Cecilie Eriksen's visit to the DIS-TRUST Research Team brought valuable insights on the digital vulnerability of citizens in the digitalized society.
The researchers of the DIS-TRUST team with Cecilie Eriksen
From the left: Freja Schiermer Larsen, Esther Oluffa Pedersen, Cecilie Eriksen, Mads Vestergaard, Micol Mieli

 

On April 2nd, 2024, Cecilie Eriksen, PhD, researcher at the SHAPE-center at Aarhus University specialised in moral change, visited the DIS-TRUST Research Team, and sparked an insightful discussion on the profound impacts of decision-making algorithms within Danish public administration. Eriksen, who is currently working on a philosophical exploration of digital techno-moral revolutions, provided a critical perspective on digital vulnerability. Her current research investigates the use of decision-making and decision supporting algorithms for administration in public sectors, in particular Denmark's infamous EFI-system. This automated tax debt recovery system, initiated in 2005 and actively used between 2013 and 2018, was eventually discontinued due to significant errors and lack of legality. 

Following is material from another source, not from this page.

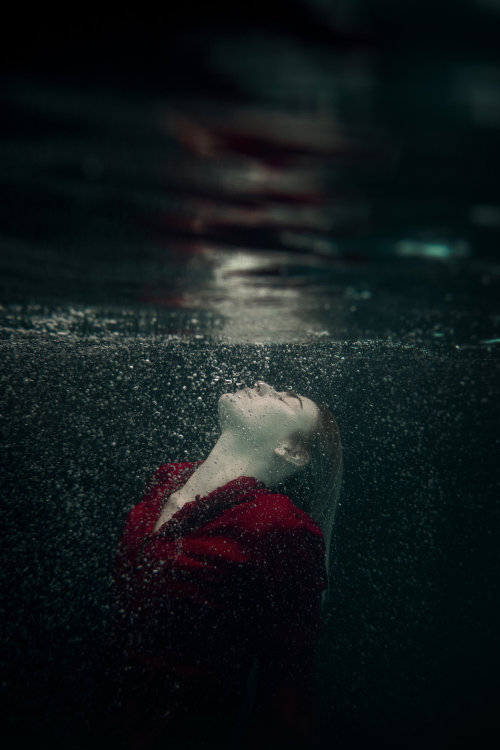 21ghostsinfo's tweet photo. requiem-on-water:by Rekha Garton - https://t.co/b7ohBHWhla - Real Poltergeist Facts 'Real Ghost Pictures' ... https://t.co/faUjsP1C7j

In connection with the DIS-TRUST project, Eriksen noted the importance and timeliness of the project because of the huge influence of digital technologies on our everyday lives, on democracies, on vital infrastructures, on our work lives, and the extensive digitalisation of the Danish welfare state. One of the main insights to emerge from the discussion was that Eriksen underlined the importance of recognizing that digital vulnerability is not only a problem for certain marginalized groups. Rather, all Danish citizens are in a multi-facetted digitally vulnerable position.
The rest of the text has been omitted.